The pro-Umayyad rebels attacked the palace of Sulayman ibn Abi Ja'far, who escaped to Iraq with the help of Ibn Bayhas. Abu al-Umaytir proceeded to seize the Green Palace, built by his ancestor Mu'awiya, and use it as his government residence. Oaths of allegiance to him as caliph were gathered by his supporters from the people of Damascus and he set up a quasi-administration. He appointed as qadi (head judge) the well-known hadith scholar Abu Mushir, a scion of the Ghassanids with a reputation of disdain for the Iraqis. Abu al-Umaytir and the Sufyanids' popularity among the Kalb and the Yamani tribes helped them quickly gain the allegiance of the Syrian cities and regions dominated by these tribal groups, such as Homs, whose leaders had expelled the Abbasids in the previous year. The Yamanis of Qinnasrin, such as the Tanukh tribe, also recognized him. The allegiance of the Syrian coastal towns, starting with Sidon, was secured by the son of Ibn al-Wajh, who expelled the Abbasid representatives from there, though the port city of Tripoli held out for the Abbasids.

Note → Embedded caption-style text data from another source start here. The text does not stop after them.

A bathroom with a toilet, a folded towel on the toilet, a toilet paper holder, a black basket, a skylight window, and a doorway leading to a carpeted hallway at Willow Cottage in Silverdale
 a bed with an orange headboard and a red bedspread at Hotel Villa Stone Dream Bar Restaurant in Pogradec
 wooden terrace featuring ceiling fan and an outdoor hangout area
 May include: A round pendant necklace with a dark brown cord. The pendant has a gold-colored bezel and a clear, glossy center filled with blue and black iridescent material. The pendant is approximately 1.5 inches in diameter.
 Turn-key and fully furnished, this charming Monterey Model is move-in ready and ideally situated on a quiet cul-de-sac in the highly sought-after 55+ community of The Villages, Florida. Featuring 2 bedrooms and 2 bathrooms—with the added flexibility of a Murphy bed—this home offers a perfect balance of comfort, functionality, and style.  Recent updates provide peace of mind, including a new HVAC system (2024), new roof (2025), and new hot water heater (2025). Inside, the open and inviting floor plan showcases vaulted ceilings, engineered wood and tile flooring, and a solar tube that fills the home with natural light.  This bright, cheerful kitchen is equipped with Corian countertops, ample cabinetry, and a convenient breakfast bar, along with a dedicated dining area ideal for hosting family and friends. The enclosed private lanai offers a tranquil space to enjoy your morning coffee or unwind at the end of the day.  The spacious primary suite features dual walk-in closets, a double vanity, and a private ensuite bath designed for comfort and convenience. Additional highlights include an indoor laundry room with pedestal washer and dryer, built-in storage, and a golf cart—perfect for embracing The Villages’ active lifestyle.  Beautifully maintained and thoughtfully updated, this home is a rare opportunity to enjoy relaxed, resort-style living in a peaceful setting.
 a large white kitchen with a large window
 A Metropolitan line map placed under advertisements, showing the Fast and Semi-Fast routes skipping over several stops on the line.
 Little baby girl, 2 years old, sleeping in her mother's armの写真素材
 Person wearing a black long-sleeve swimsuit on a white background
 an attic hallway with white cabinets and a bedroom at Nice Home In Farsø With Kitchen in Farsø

The Yamani tribes, who formed the core of Abu al-Umaytir's forces, proceeded to persecute their Qaysi counterparts in Damascus, whose support for Abu al-Umaytir was less enthusiastic. The lukewarm response or rejection of Qaysi tribes and figures eventually led Abu al-Umaytir to suppress them. The Qaysi Banu Sulaym tribe in Hurjulla, a village near the city, were attacked and their village plundered by Abu al-Umaytir and the Yamanis when they refused to give their allegiance to him. Afterward, Abu al-Umaytir, the Qurayshites (the tribe to which the Umayyads and Abbasids belonged) and the Yamanis went on a rampage against the Qays inside Damascus, burning down their homes.

The Qays reached out to Ibn Bayhas for support, who responded by mobilizing his Dibab and Numayr tribesmen and mawali in the Hauran to assault Abu al-Umaytir in Damascus. Abu al-Umaytir, hearing of their approach, dispatched his Umayyad kinsman, Yazid ibn Hisham, to attack them in the Hauran. The Qays were routed and dispersed, but Yazid's army took a blow when they were assaulted by local villagers or Bedouins on their return to Damascus. This boosted the morale of Ibn Bayhas, who rallied the Qays to renew their campaign. From their encampments in the Ghouta, they besieged Damascus. Abu al-Umaytir called on his supporters to relieve the city, spurring a huge number of friendly troops from Sidon, Baalbek and the Beqaa Valley to reinforce him. Under the command of his son, al-Qasim, and Ibn Wajh al-Fals, these troops engaged Ibn Bayhas's forces. Both sides suffered heavy losses in a lengthy battle, which ended with al-Qasim's death and Ibn Bayhas retreating to the Hauran. The death of his son provoked Abu al-Umaytir into ordering his troops under his mawla, al-Mu'tamir ibn Musa, to pursue Ibn Bayhas. Although they gained an early advantage, Qaysi reinforcements saved Ibn Bayhas and in the ensuing fight, al-Mu'tamir was slain and the pro-Umayyad troops were put to flight. This defeat marked a turning point, in which Abu al-Umaytir's position in Damascus was dealt an unrecoverable blow.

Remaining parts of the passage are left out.